Here are a few suggested solutions to overcome this problem:
- Maintain an adequate balance.
- Skipping on watering your plant once or twice wouldn’t make much of a difference, but if it’s summer and it’s heating, you should make sure that the soil doesn’t go dry!
- Add a humidifier around your garden to raise the humidity for your plant.
- You should also use the kind of soil and container which can drain the excess water out and away from the plant’s system.
- Make sure that the room temperature is controlled to appropriate levels.
Your rubber plant needs proper light exposure to keep its health and looks at its optimum. Or else, its leaves will then again curl as a response. You may also see your plant growing towards the light. Its branches will start to grow in wayward directions.
You should also be careful that the light source doesn’t hit your plant directly, as then your plant could dry out more quickly.
In order to maintain a good source of light, a sound method is to install artificial lights around your plant.
Rubber plants normally grow in an area where the temperature stays moderate, neither too hot nor too cold. They like to stay in warm, humid areas, and a consistent change in the environment isn’t a good enough place for them to thrive.
It gives them stress—so if you’ve recently relocated your plant to a different place, the leaves of your rubber plant may curl in response to the stress it is facing.
This is temporary, however, and nothing to worry about. But, you would have to ensure that the conditions around your plant don’t deteriorate despite the relocation.
An appropriate temperature to keep them in would be around 55 degrees to 85 degrees Fahrenheit.
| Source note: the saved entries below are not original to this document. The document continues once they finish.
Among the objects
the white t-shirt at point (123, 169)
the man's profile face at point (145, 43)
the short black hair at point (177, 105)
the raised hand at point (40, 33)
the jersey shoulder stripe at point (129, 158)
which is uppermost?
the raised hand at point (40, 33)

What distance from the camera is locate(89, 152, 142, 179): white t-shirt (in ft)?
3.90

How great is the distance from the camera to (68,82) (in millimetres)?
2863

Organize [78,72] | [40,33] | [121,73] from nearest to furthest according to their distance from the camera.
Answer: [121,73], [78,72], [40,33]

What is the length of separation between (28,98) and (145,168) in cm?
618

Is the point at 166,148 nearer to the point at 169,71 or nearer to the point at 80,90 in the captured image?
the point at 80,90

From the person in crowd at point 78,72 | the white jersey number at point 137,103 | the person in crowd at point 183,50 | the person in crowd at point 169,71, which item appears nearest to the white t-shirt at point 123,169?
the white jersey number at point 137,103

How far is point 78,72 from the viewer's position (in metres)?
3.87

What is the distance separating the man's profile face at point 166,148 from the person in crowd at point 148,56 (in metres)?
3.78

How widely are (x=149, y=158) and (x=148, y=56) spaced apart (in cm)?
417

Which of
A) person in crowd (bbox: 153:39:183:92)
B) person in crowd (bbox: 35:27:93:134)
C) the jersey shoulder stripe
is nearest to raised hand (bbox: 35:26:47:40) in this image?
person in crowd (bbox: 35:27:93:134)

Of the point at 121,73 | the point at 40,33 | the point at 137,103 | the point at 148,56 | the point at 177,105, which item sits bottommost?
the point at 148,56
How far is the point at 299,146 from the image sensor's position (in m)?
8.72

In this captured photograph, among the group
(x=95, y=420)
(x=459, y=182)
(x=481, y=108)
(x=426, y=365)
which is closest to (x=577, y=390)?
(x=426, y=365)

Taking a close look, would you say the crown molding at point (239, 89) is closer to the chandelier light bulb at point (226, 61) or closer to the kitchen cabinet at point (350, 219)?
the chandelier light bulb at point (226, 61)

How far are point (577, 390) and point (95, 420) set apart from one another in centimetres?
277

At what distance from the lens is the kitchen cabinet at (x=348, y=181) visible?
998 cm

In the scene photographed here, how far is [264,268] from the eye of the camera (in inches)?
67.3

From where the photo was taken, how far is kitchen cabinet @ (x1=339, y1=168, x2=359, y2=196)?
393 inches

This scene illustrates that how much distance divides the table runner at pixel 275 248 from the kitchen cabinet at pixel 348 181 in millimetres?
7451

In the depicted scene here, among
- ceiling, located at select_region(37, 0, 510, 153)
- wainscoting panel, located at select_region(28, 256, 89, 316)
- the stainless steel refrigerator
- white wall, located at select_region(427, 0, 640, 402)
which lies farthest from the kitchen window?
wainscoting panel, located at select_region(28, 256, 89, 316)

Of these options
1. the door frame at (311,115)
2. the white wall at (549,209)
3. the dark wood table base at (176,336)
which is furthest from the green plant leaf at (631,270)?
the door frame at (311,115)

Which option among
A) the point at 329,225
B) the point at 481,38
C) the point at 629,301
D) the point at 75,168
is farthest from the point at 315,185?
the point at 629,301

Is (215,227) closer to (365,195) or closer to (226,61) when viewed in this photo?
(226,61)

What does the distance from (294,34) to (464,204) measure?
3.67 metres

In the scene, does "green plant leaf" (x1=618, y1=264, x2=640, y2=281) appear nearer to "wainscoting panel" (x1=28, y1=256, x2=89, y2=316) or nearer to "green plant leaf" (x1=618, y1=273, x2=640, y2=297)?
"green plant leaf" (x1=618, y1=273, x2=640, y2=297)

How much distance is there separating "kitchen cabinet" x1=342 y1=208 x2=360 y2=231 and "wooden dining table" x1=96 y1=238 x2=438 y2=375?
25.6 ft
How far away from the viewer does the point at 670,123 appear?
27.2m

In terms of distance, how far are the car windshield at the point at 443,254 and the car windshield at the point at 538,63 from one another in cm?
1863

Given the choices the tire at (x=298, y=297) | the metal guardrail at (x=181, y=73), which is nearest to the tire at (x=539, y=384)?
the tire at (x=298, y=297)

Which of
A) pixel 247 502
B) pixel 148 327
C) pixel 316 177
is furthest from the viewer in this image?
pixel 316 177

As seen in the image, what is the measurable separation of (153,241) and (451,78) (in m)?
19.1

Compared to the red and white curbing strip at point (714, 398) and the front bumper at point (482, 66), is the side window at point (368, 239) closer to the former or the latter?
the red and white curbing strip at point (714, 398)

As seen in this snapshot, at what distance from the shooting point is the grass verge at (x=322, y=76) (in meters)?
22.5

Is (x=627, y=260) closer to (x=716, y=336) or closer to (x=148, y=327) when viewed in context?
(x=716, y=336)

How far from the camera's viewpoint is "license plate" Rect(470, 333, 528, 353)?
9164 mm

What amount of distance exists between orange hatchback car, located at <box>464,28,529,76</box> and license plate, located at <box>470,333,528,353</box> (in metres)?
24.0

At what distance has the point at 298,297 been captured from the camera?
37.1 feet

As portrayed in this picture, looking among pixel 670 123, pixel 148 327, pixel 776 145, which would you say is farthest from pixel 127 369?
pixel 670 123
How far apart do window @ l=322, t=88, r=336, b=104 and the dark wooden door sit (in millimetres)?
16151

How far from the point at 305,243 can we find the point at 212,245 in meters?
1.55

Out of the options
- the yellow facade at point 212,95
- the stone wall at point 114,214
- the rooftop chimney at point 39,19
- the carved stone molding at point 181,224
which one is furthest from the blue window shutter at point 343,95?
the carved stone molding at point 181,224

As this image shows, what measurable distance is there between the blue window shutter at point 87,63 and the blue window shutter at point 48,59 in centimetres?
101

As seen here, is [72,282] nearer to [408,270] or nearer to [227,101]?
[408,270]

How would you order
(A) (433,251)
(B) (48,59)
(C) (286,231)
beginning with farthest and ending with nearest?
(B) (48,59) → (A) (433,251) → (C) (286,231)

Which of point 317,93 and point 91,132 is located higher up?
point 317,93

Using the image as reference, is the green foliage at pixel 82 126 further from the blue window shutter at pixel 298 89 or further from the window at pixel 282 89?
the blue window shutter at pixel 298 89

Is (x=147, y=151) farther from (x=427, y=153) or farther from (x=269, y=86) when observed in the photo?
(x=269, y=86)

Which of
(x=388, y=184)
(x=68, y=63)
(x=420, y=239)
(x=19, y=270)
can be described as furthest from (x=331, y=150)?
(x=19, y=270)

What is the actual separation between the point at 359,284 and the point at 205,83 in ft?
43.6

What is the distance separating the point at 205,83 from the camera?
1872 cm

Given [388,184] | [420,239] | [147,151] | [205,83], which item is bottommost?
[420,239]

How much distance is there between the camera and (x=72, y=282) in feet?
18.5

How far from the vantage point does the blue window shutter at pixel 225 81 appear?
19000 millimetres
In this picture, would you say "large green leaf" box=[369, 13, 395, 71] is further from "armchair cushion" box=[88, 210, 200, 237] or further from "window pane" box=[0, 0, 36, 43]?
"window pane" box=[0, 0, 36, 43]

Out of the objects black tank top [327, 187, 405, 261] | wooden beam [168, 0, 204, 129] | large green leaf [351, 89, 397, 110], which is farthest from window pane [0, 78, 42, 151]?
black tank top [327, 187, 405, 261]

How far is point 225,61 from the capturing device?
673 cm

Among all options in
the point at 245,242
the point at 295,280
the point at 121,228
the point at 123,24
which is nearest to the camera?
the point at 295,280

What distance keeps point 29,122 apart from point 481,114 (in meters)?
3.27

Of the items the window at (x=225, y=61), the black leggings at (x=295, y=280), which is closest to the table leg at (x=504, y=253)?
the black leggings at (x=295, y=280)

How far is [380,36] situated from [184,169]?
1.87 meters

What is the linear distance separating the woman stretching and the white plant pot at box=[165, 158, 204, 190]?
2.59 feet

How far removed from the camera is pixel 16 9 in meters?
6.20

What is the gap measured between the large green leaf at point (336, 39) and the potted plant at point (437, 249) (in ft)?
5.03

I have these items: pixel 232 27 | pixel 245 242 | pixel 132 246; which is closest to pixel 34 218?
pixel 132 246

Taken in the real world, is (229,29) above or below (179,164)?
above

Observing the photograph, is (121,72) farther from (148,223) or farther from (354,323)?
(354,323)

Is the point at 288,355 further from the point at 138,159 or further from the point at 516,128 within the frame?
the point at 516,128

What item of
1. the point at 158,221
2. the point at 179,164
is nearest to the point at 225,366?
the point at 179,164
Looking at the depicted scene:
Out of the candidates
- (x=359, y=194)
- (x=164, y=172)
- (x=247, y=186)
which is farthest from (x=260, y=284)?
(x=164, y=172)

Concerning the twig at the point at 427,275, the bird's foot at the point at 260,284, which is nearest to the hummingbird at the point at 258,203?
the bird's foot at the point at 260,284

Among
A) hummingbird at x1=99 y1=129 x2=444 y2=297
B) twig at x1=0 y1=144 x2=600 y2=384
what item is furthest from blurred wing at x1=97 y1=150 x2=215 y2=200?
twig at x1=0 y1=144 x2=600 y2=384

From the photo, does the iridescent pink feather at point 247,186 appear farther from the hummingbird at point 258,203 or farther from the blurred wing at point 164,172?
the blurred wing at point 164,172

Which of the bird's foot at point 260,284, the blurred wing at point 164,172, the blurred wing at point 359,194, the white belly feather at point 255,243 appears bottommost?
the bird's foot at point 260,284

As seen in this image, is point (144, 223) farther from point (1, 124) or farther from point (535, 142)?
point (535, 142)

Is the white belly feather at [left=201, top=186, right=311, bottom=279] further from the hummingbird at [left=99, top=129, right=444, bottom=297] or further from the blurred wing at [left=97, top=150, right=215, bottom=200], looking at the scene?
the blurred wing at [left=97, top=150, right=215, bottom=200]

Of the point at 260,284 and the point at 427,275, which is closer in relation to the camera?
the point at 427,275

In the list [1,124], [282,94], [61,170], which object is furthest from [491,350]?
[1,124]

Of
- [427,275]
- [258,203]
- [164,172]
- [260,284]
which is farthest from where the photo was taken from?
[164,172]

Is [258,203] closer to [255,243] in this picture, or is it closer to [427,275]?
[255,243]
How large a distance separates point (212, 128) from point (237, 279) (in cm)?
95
In other words, it’s probably best that you don’t keep your rubber plant near the window in winter and outside when it’s summer.
Your rubber plant leaves may also curl when attacked by a pest. This may be rare, but checking your plant every now and then will help you minimize this threat. It will also give you a heads up to identify the pest problem more quickly.
A good solution to tackle this is by giving your rubber plant a warm shower with soap water. You could use neem oil in water to kill the pest on your rubber plant.
If you don’t have a bottle of neem oil available right now, then you can use any other horticultural oil as your aid, but make sure to mix the product in the right quantities. You may find them written down on the back of your product.
Will your Rubber Plant recover?
If your plant is too damaged, it will be difficult for it to cope back.
However, with the right measures, it is possible. But only as long as you are quick to notice the changes in your rubber plant and take immediate action to restore it to its original health.
Yes! Stop asking yourself, “why are my rubber leaves curling?” and do something about it!
The process may be a challenge, but give it time, and soon, you’ll find your rubber plant in its former glory.
>> Related Post: Why Is My Rubber Plant Dropping Leaves? Top 5 Reasons
If you have had this question: why are my rubber plant leaves curling, this article has been useful to you.
Generally, all plants need a sufficient amount of six things to flourish: water, light, temperature, fertilizer, humidity, and their owner’s concern.
You definitely wouldn’t want your plant to wilt as a rubber plant owner. But the good news is they won’t die on you suddenly, and they try their best to survive. So, as their owner, all you have to do is make sure is that they don’t struggle continuously.